Depuis quelques années, des milliers de personnes viennent dans nos cabinets, dans nos centres, dans nos ateliers en portant des blessures multiples liées à l’état du monde :
- Tristesse face à ce qui est détruit, à la disparition de milliers d’espèces et de milieux
- Colère face aux migrant·e·s parqué·e·s, à la totale inadéquation des réponses politiques aux crises systémiques
- Peur de la fin du monde… angoisses d’un présent/futur au climat chaotique, à la société polarisée, vivant au rythme de pandémies, de catastrophes climatiques, de récessions, de délitements sociaux…
- Impuissance
- Culpabilité
- Honte
- Anxiété
- Dépression
- Etc.
Il est très difficile d’entendre témoigner de ces nouveaux « troubles » psychiques (écoanxiété, ecological griefs, solastalgie, etc.) car nous, les psys, sommes plus que jamais concerné·e·s par les problématiques auxquelles nous sommes confronté·e·s. Ce sont également nos propres vies et celles de nos proches dont il est question. Nous ne sommes pas immunisé·e·s contre le déni ou les multiples autres façons de tenir loin de soi les réalités écologiques et sociales.

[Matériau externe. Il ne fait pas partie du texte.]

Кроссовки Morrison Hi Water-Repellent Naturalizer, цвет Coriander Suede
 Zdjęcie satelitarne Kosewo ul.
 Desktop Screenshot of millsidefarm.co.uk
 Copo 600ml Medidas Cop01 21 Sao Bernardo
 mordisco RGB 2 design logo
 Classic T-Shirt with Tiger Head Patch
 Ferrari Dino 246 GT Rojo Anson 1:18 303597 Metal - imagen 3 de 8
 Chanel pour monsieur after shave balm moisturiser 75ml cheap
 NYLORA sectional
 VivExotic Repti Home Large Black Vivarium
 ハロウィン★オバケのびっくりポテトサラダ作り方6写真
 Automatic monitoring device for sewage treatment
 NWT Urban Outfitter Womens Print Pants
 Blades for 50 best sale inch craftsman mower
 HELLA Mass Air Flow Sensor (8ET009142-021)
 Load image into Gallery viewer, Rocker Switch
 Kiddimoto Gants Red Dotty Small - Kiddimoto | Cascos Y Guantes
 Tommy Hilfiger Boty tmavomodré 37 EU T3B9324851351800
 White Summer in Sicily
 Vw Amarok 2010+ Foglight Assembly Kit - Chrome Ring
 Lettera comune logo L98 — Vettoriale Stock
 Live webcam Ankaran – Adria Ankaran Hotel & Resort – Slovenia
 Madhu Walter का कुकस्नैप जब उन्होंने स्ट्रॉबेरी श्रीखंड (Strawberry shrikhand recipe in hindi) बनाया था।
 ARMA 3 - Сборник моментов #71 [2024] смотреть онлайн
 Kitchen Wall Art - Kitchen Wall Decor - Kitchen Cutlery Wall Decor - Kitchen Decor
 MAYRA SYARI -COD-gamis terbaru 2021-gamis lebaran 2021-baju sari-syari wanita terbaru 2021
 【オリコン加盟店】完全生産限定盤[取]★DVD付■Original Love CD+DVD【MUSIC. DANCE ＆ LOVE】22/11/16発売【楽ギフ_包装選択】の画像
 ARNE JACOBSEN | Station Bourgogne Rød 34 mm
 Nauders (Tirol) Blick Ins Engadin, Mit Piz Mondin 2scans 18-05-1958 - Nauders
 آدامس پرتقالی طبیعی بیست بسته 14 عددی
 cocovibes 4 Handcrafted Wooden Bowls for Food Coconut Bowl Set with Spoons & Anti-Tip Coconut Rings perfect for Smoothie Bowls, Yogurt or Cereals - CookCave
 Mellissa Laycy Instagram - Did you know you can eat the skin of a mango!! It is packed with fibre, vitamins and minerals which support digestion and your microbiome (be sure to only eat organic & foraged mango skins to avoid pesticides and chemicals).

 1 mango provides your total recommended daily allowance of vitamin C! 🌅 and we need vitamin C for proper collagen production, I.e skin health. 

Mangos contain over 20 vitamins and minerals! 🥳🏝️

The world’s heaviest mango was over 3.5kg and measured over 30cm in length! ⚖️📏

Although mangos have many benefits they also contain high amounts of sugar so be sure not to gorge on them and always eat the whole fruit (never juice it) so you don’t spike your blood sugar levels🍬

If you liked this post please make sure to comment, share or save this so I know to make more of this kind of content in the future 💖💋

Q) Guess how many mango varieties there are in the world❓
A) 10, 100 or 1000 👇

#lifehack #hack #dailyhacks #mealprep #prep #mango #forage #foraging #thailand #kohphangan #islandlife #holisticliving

Pour moi, ce serait une terrible erreur de ranger ces troubles dans de nouvelles cases, de leur donner peu ou prou les mêmes réponses, voire d’en faire de nouvelles spécialisations… et d’éviter les questions fondamentales qu’ils soulèvent :
- Quels rôles sociaux voulons-nous jouer en tant que psys ?
- Sommes-nous des pansements sur des blessures ouvertes ? Des analgésiques contre l’esprit de révolte ? Des instruments de soulagement d’un système qui mutile autant la Terre que nos psychés ?
- Ferons-nous plus de la même chose ?
- Accompagnerons-nous ces personnes en souffrance à mieux « gérer leurs émotions » ? À continuer à s’« adapter » ? Jusqu’où ? Jusqu’à quand ?
- À quel moment la neutralité, si bienveillante soit-elle, devient-elle une collaboration silencieuse ?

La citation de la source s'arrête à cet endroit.